Caption-style text data

---------------

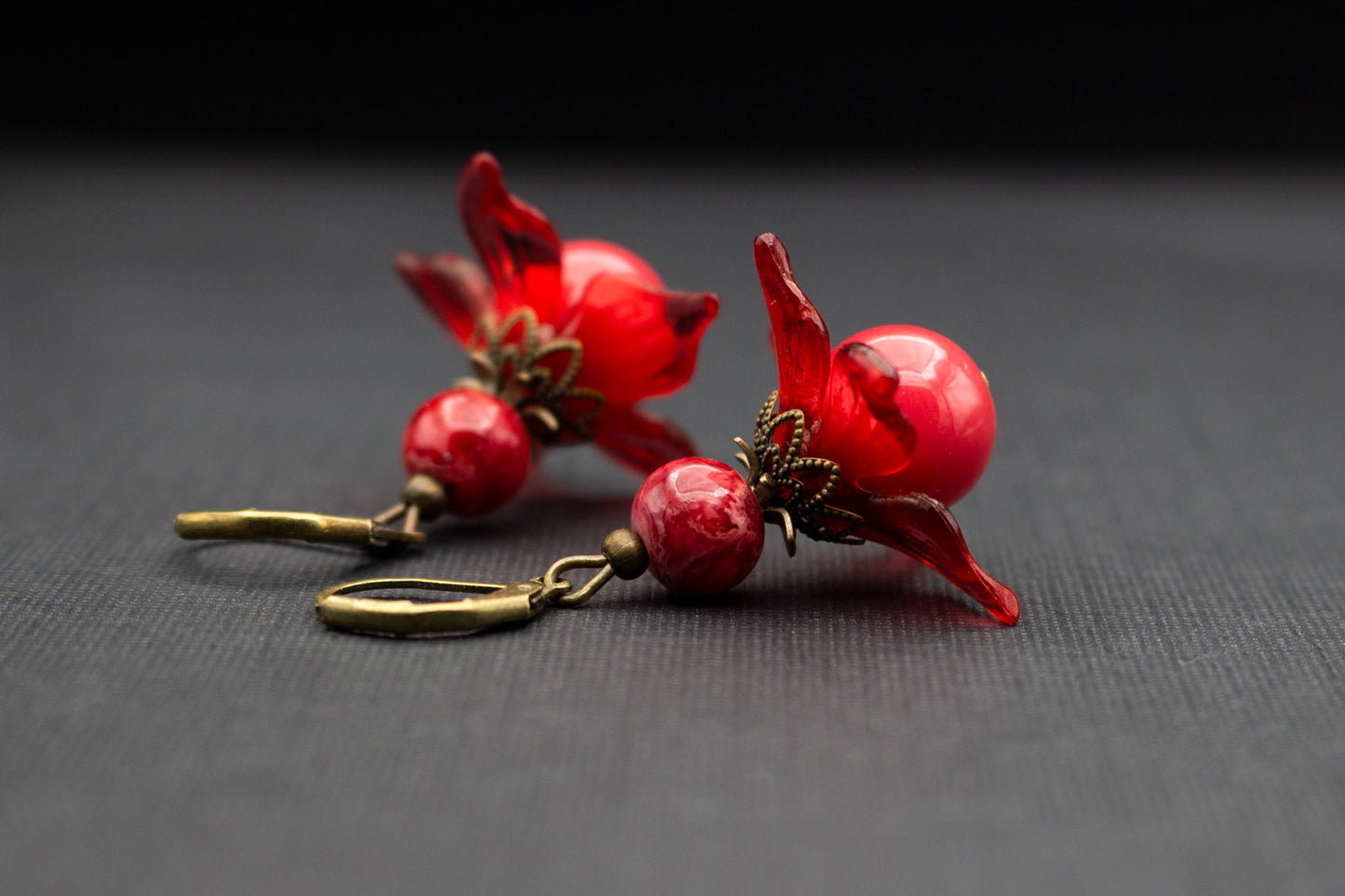 Blütenohrringe in Rot mit Glasperlen – romantischer Schmuck in Antik Bronze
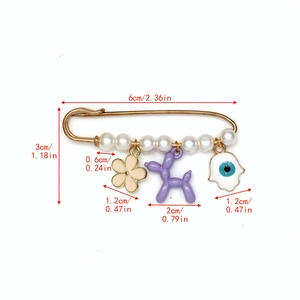 Vue détaillée de la broche épingle à nourrice Evil Eye avec perles et breloques Hamsa
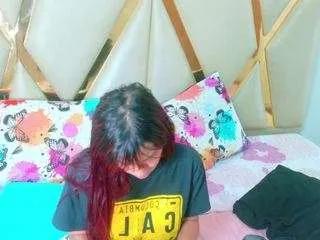 Freechat hot-littlechill on CamSoda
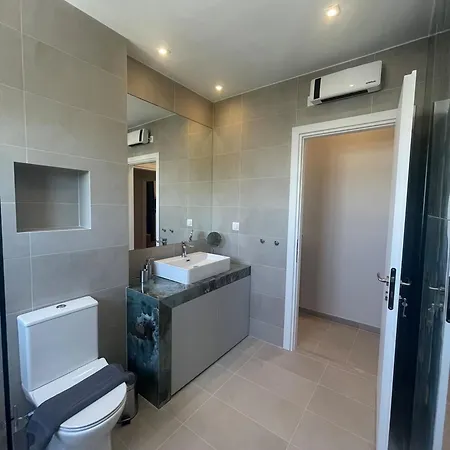 Spacious Seaside Flat At Alimos * Athens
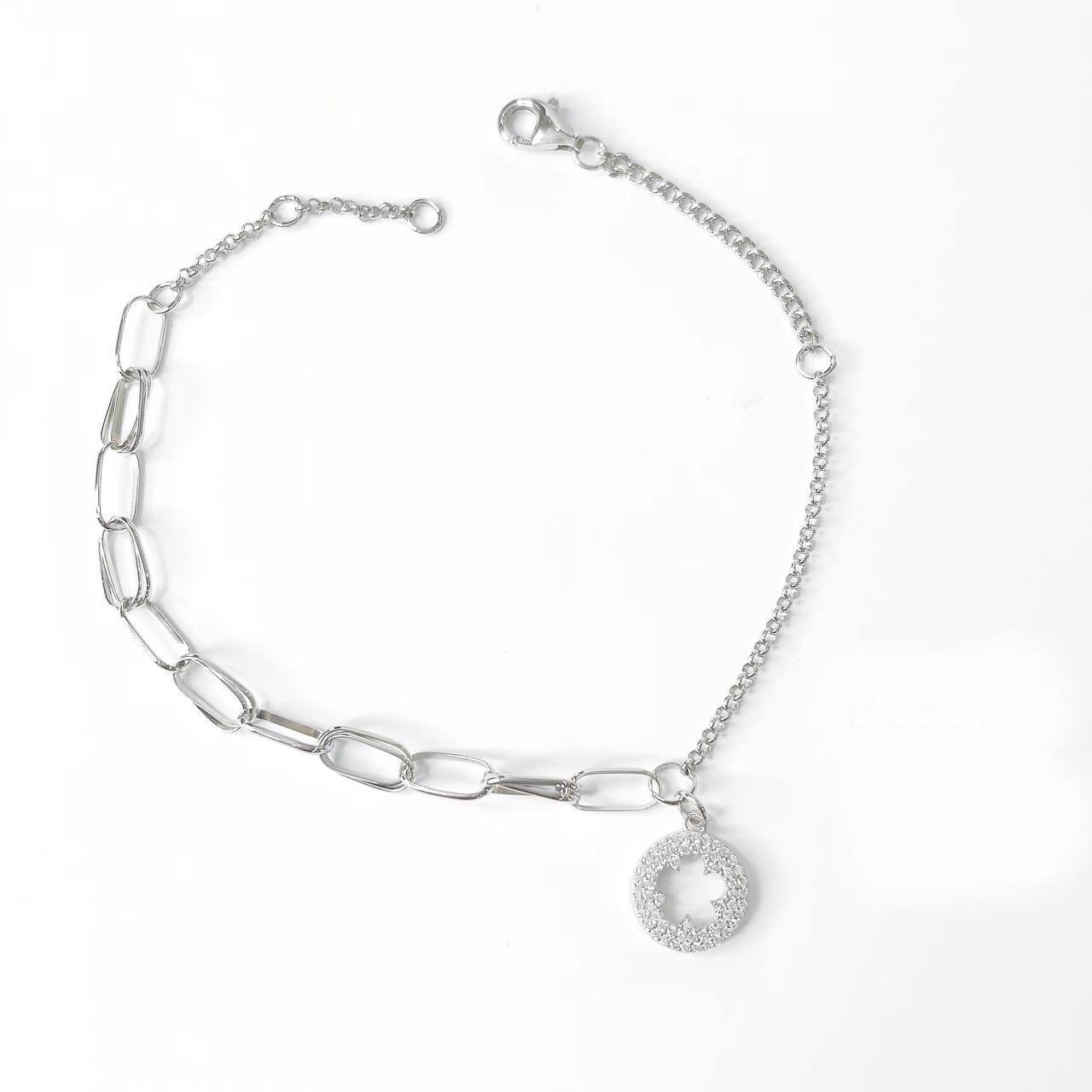 Elegant Silver 925 Bracelet Studded with Sparkling Zircon Stones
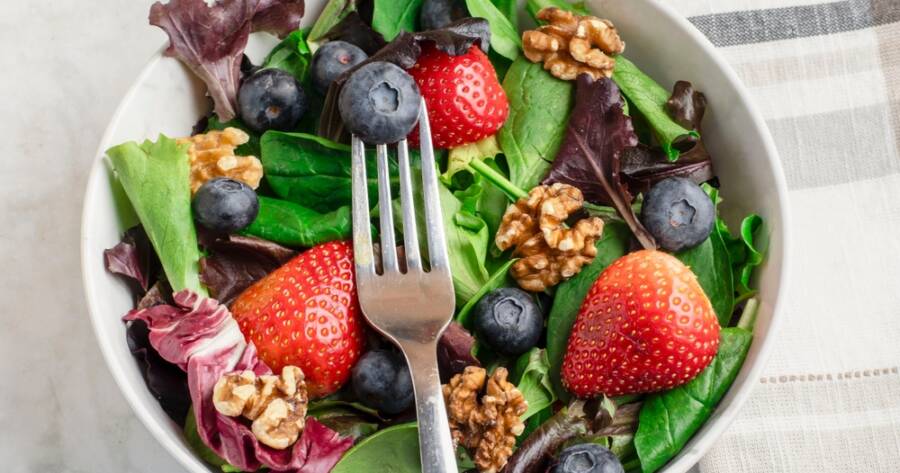 3 Everyday Snacks That Keep Your Brain Sharp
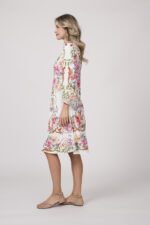 Model trägt weißes kurzes Kleid mit floralem Muster der Marke Hale Bob.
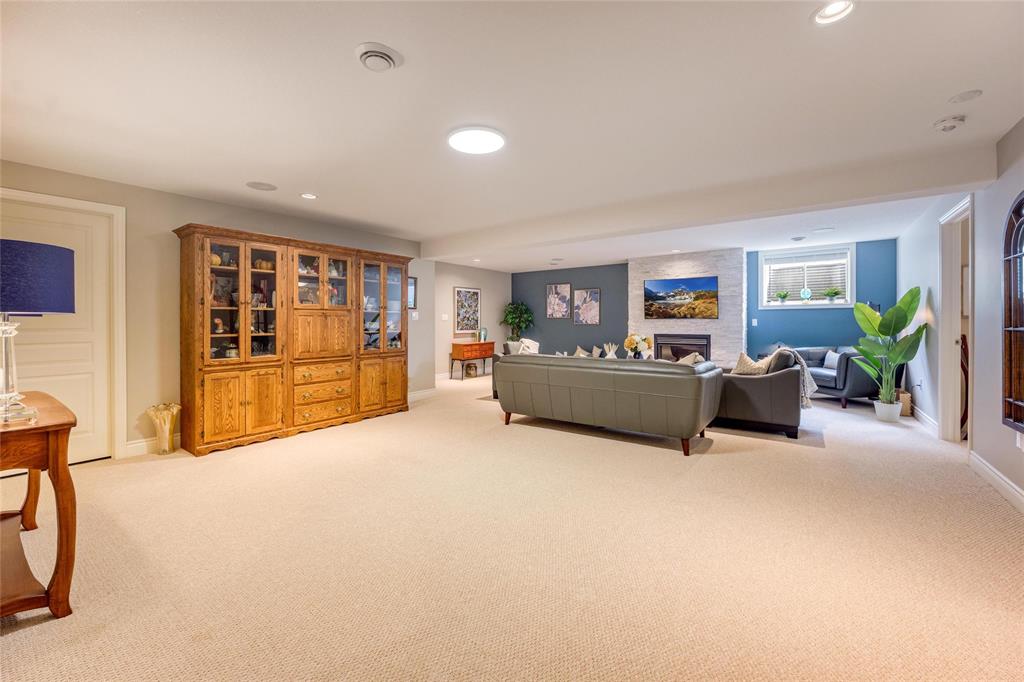 613 DORAL Close, Sarnia, Ontario, Canada photo 36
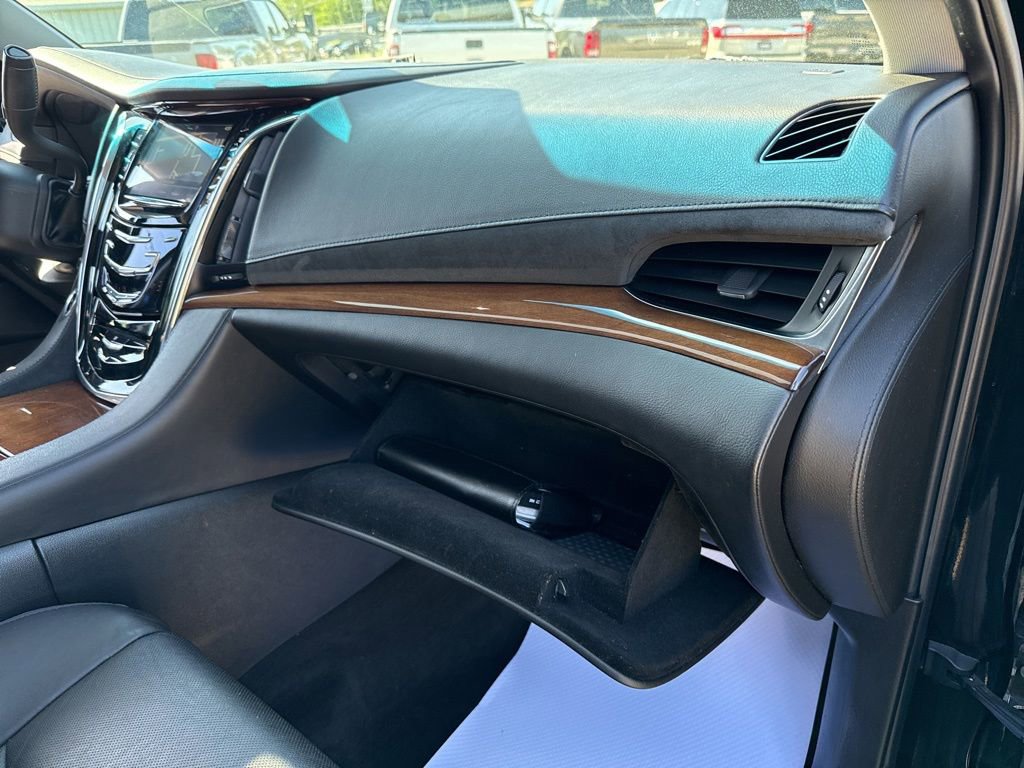 Used 2016 Cadillac Escalade ESV Premium AWD/4WD image 49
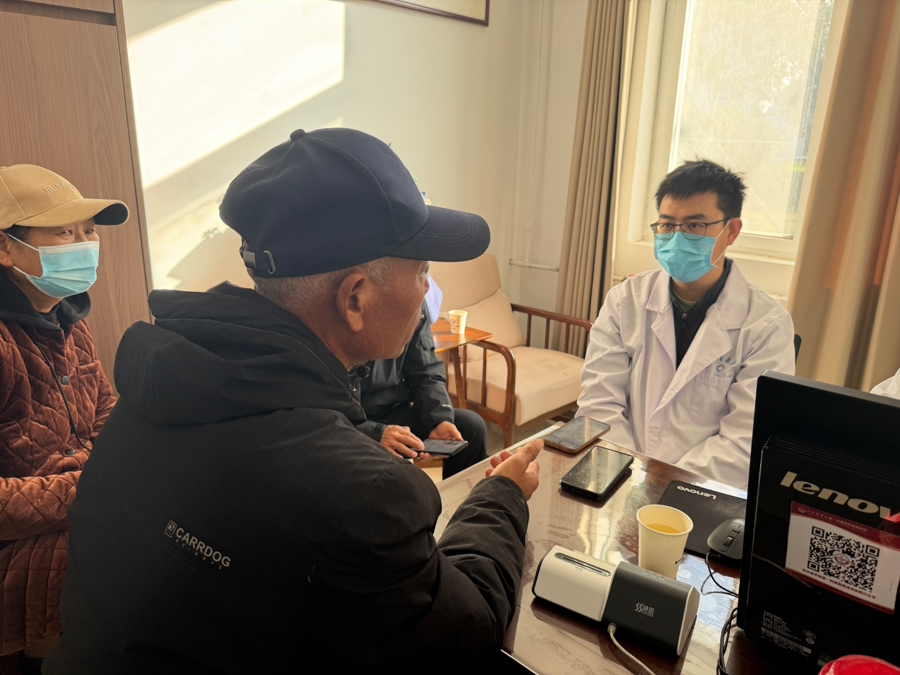 国际安宁疗护专家戴恬泱教授莅临我院开展公益坐诊及学术交流活动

---------------

Work instruction. Repeat the lines of the records verbatim, starting at the line containing "Freechat hot-littlechill on CamSoda" and stopping after the final line. Images stay out.

Exercise answer.
 Freechat hot-littlechill on CamSoda
 Spacious Seaside Flat At Alimos * Athens
 Elegant Silver 925 Bracelet Studded with Sparkling Zircon Stones
 3 Everyday Snacks That Keep Your Brain Sharp
 Model trägt weißes kurzes Kleid mit floralem Muster der Marke Hale Bob.
 613 DORAL Close, Sarnia, Ontario, Canada photo 36
 Used 2016 Cadillac Escalade ESV Premium AWD/4WD image 49
 国际安宁疗护专家戴恬泱教授莅临我院开展公益坐诊及学术交流活动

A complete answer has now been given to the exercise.